Court opens with reflection
Last week your writer was privileged to have been part of a ceremony that affected not only my business, if you will, but our way of life here. The ceremony, sponsored by the Lincoln Parish Bar Association, took less than an hour, but it was reflective of the honor, capabilities and integrity of our profession here as well as the people we represent.
I thought I would share some of the joy with you my favorite readers. In the event that one is reading this for the first time, let me make a short reference to my job, or at least my “daytime” job: I am a lawyer. I am proud of that. Now from time to time in this column, I have poked a little fun at my profession; this has caused me to be criticized by some of my colleagues. I have also written some complimentary remarks about some of the courageous achievements and positions of other attorneys and judges, and for this, I have been criticized by some in the public. But all of this goes along with freedom of speech and freedom of the press. If one writes a word in public, he should be prepared to have a comment hurled back, and I can handle that. So, if this week’s views are too “nice” toward the legal profession and one takes umbrage at that, well, so be it.
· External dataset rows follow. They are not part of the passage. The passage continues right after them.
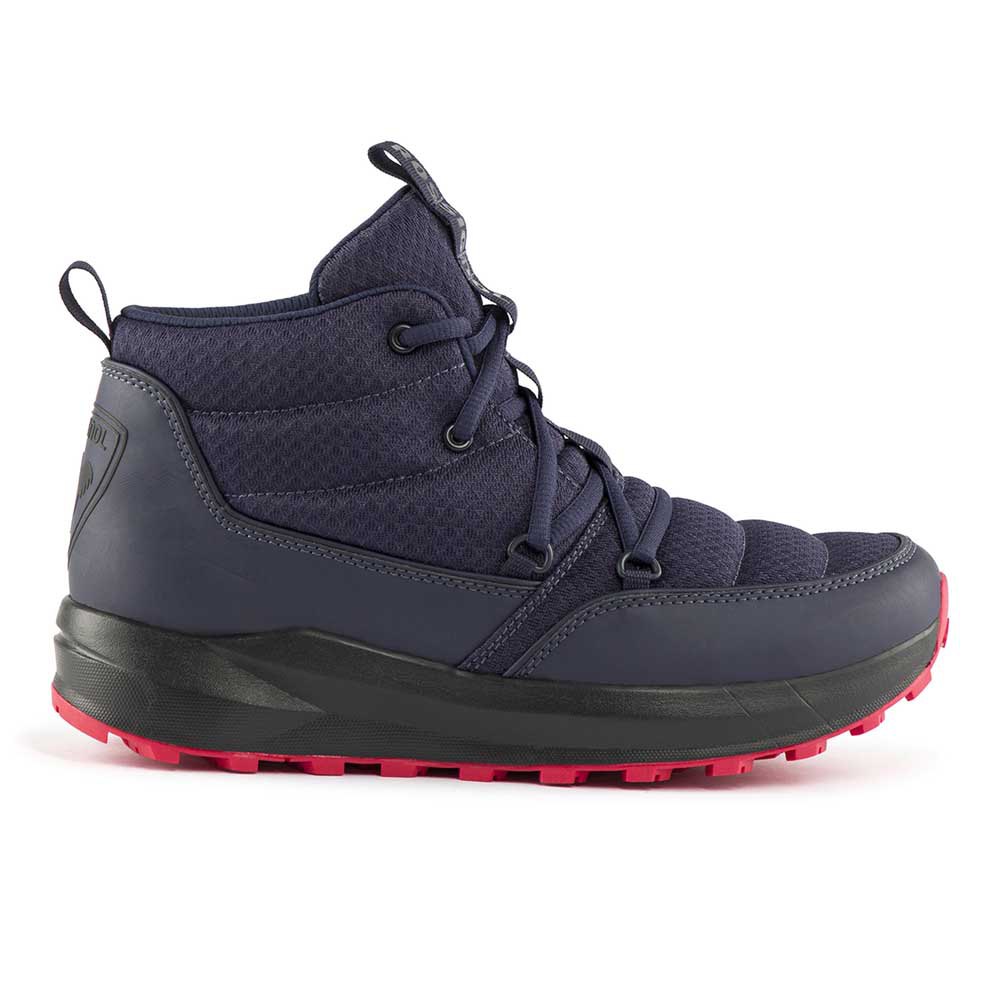 Rossignol Rossi Resort Lt Snow Boots Blau EU 44 Mann Rossignol Rossi Resort Lt Snow Boots Blau EU 44 Mann von Rossignol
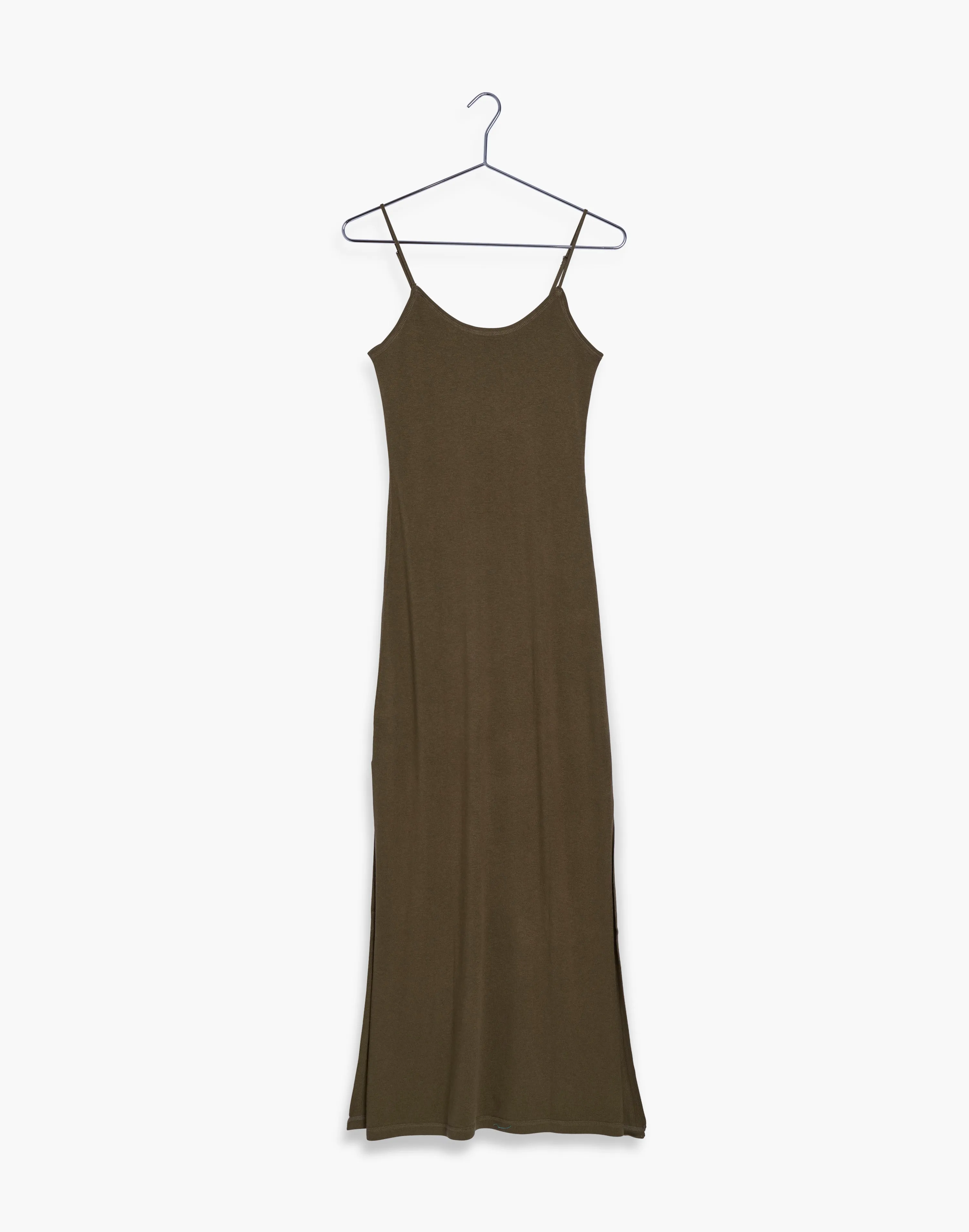 Hampton Dress
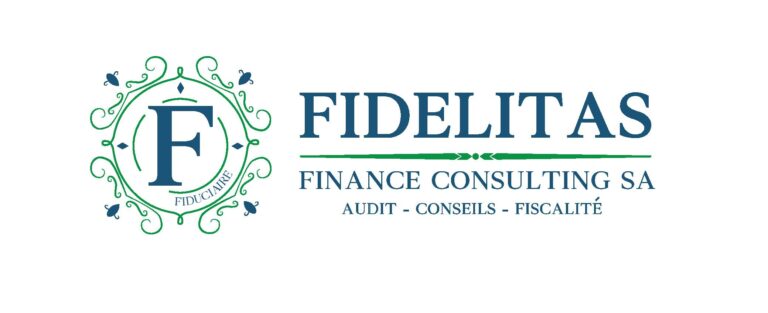 Logo_Fidelitas_definitif-page-001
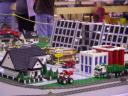 train_show_gets_2007_032.jpg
Every court in this state, as do we here, has a “fall opening” of court. This traditionally takes place at the beginning of September during a regular court session. Here in Lincoln Parish, we have observed the opening of court at the time of the impaneling of the Grand Jury. Historically, this time of year has as part of its roots the fact that court used to be closed for the entirety of the summer. Kind of like the schools, the courtrooms did not have air conditioning, so business shut down.